The question of whether Celestron scts were corrected for coma sometimes comes up for discussion. To do so the 2ndry would have to be figured to a prolate profile, the resulting under-correction being balanced by a more strongly aspheric corrector plate.
I've made the equivalent Primary conic constant of an 8'' Dall Kirkham in an F/2/10 arrangement with a back focus of 8'' of 0.712 the relative strength of the corrector when the 2ndry is spherical.
In contrast Rutten and van Venrooij give 0.834 as the relative strength of the corrector in their aplanat version having an aspherical 2ndry.
In both cases the remaining correction is achieved by the 2ndry.
The relative strengths of the corrector affect their positions in the null setup below.
A light source is placed at the focus S of the primary with the beam being transmitted through the plate before and after reflection from the primary and is null tested at the focus of 2nd scope.
The stronger plate of the aplanat will achieve a null closer to S than the plate of the all spherical system. For the 8'' scope I get 0.67 focal length for the aplanat against 0.8 for all spherical.

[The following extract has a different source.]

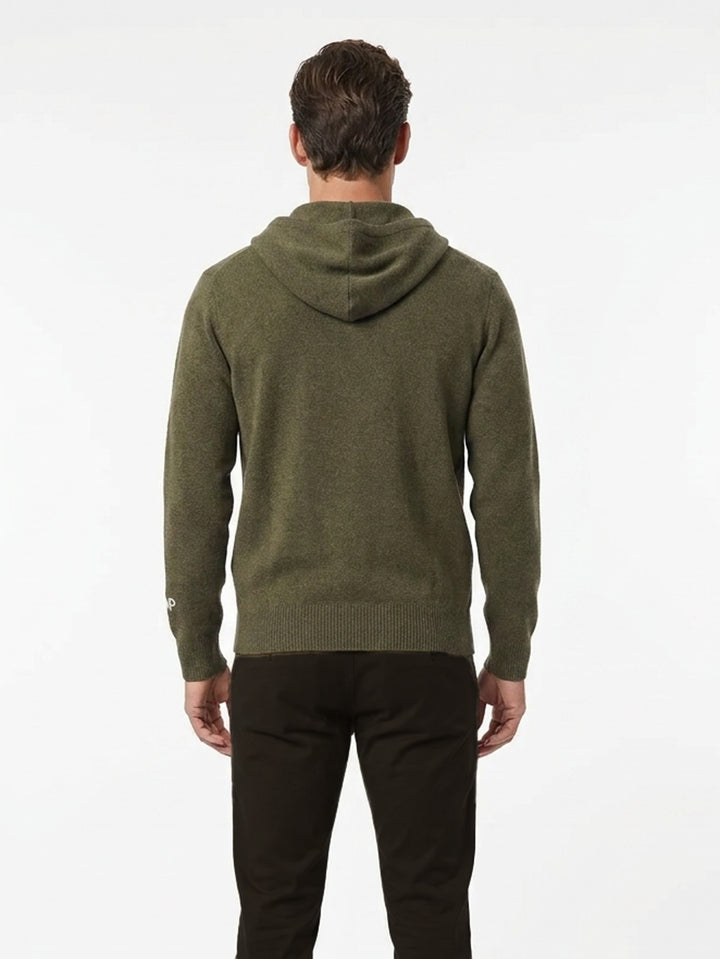Cashmere zip-up hoodie for men with drawstrings and a kangaroo pocket #MOSS 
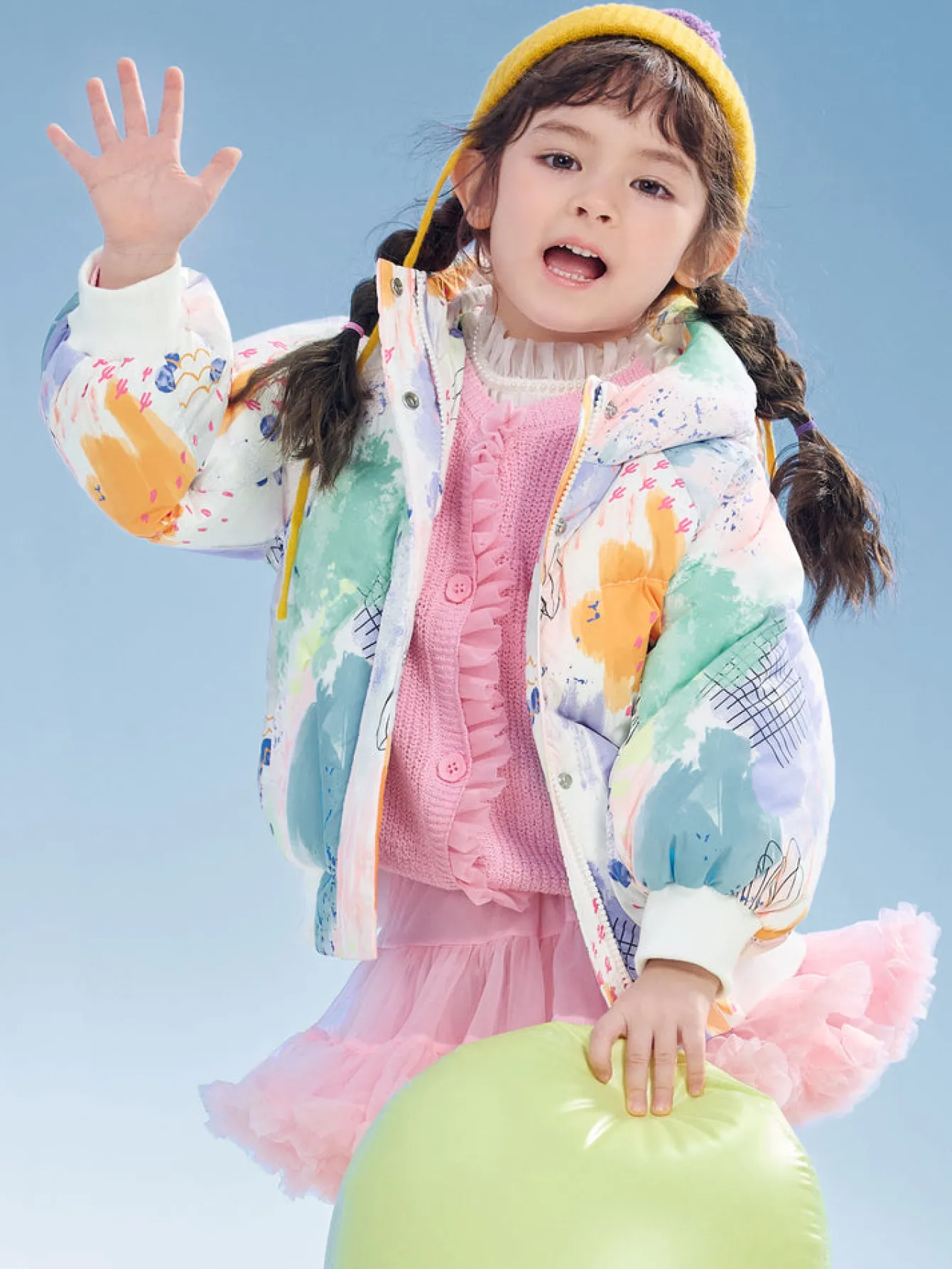 Balabala Kids Girl Candy Colored Puffy Sleeves Hooded Down Jacket Red Hue Best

For the all spherical case the calculation is:
0.712 of total correction for corrector and 0.288 for 2ndry.
0.288/0.712 = 0.404.
The fourth route of 0.404 = 0.8 f.l from S (Spherical aberration varying as the 4th power of the radius)
Assuming the same relative corrector plate position, a 5 fold amplification and the same relative back focus I think these numbers stay the same whatever the aperture. But the back focus gets shorter relatively as the aperture increases which slightly reduces both figures.
A corrector position between these extremes would suggest a part reduction of coma.
David
Edited by davidc135, 10 June 2022 - 08:07 AM.